▶ [REQUIREMENT]:
Line by line, set down all the data below exactly, omitting any picture.

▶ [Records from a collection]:
◇ ◇ ◇ ◇

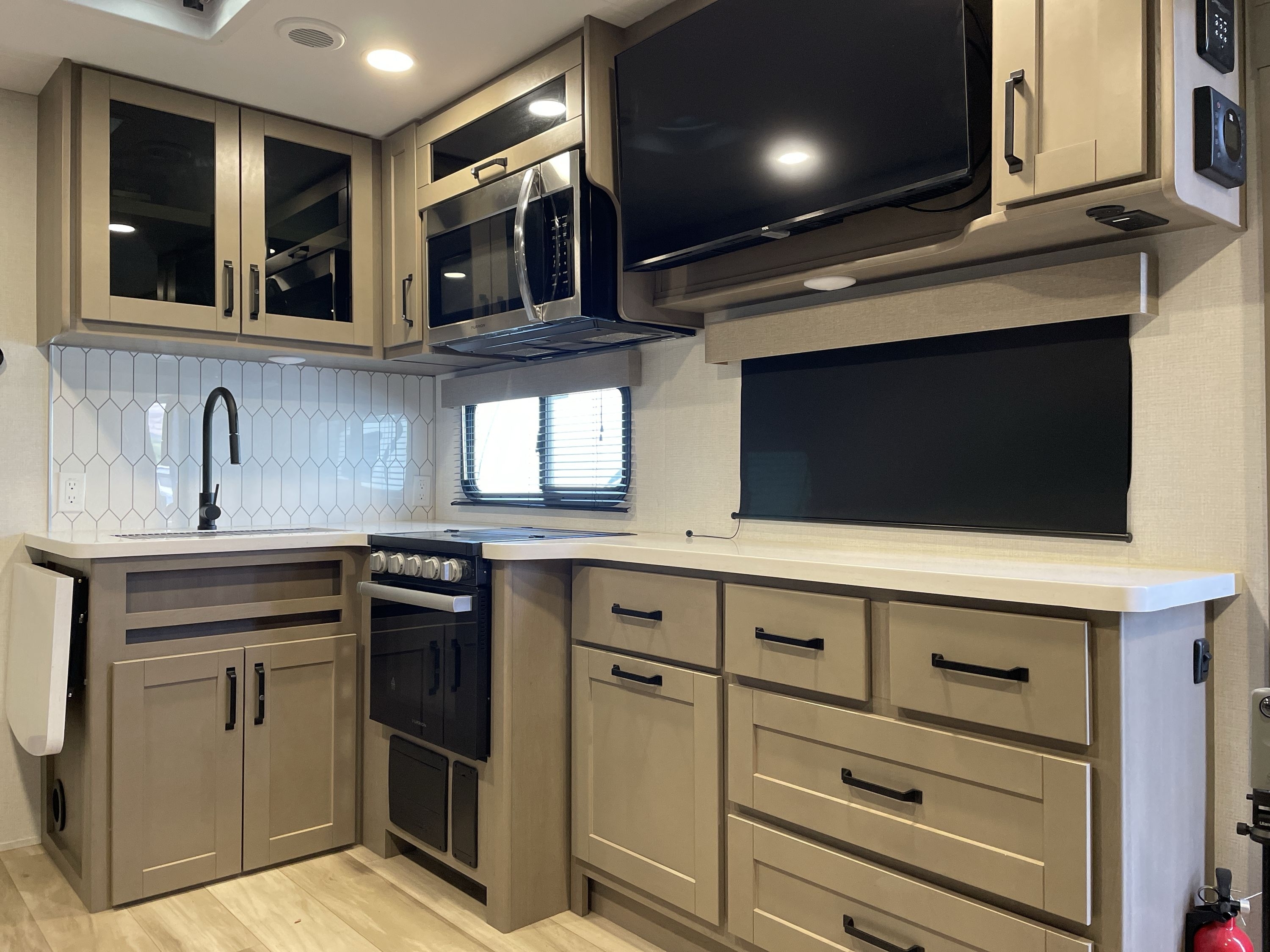 View more photos of this listing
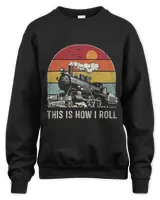 Unisex Sweatshirt Unisex Sweatshirt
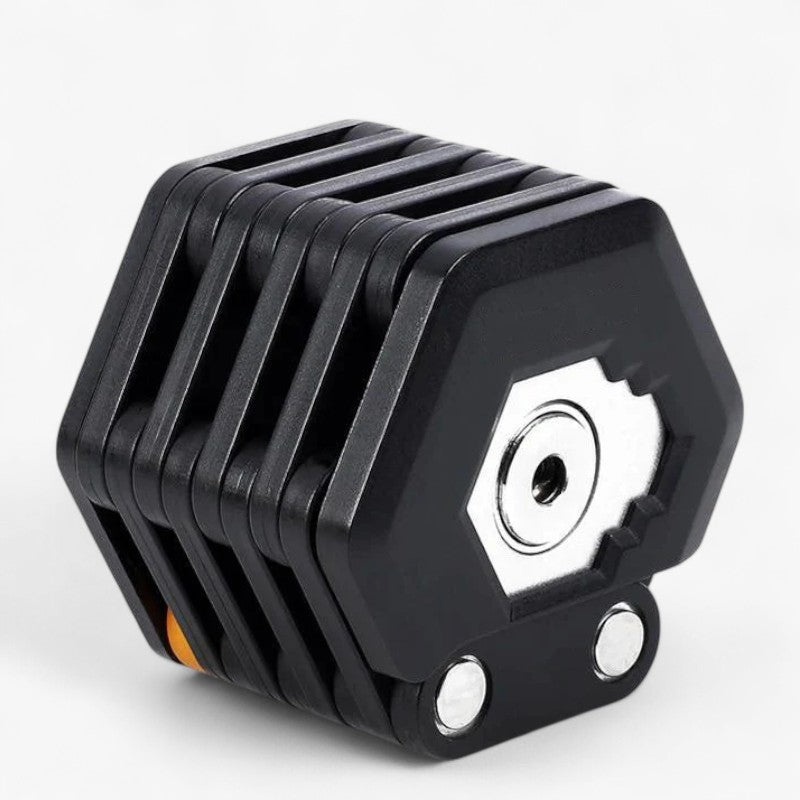 Hamburg Lock PRO™ - - Hamburg Lock PRO™- €25 - {{ product_tags }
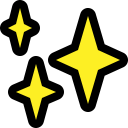 :sparkles_mtnt_rmx: :sparkles_mtnt_rmx:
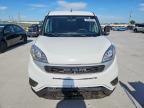 2022 Dodge RAM Promaster City Tradesman
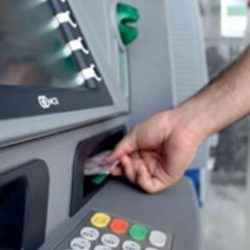 غرامة ٥٠٠ الف ريال بحق مخالفين لنظام الإعلام المرئي والمسموع
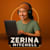Zerina M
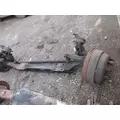 SPICER 330 Front Axle I Beam thumbnail 2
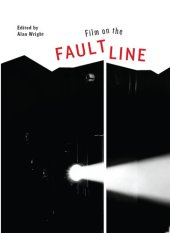 book Film on the Faultline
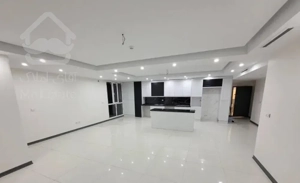 فروش آپارتمان ۱۰۰ متری/نارمک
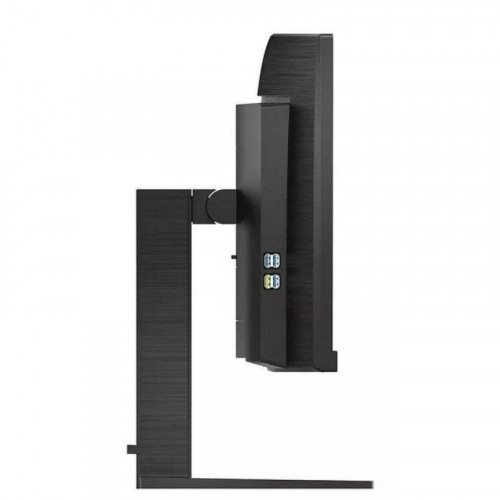 Philips E Line 346E2CUAE/00 34
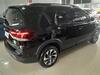 SPIN 1.8 PREMIER 8V FLEX 4P AUTOMÁTICO - 2025 - IJUÍ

◇ ◇ ◇ ◇

▶ [RESPONSE BOX]:
 View more photos of this listing
 Unisex Sweatshirt Unisex Sweatshirt
 Hamburg Lock PRO™ - - Hamburg Lock PRO™- €25 - {{ product_tags }
 :sparkles_mtnt_rmx: :sparkles_mtnt_rmx:
 2022 Dodge RAM Promaster City Tradesman
 غرامة ٥٠٠ الف ريال بحق مخالفين لنظام الإعلام المرئي والمسموع
Zerina M
 SPICER 330 Front Axle I Beam thumbnail 2
 book Film on the Faultline
 فروش آپارتمان ۱۰۰ متری/نارمک
 Philips E Line 346E2CUAE/00 34
 SPIN 1.8 PREMIER 8V FLEX 4P AUTOMÁTICO - 2025 - IJUÍ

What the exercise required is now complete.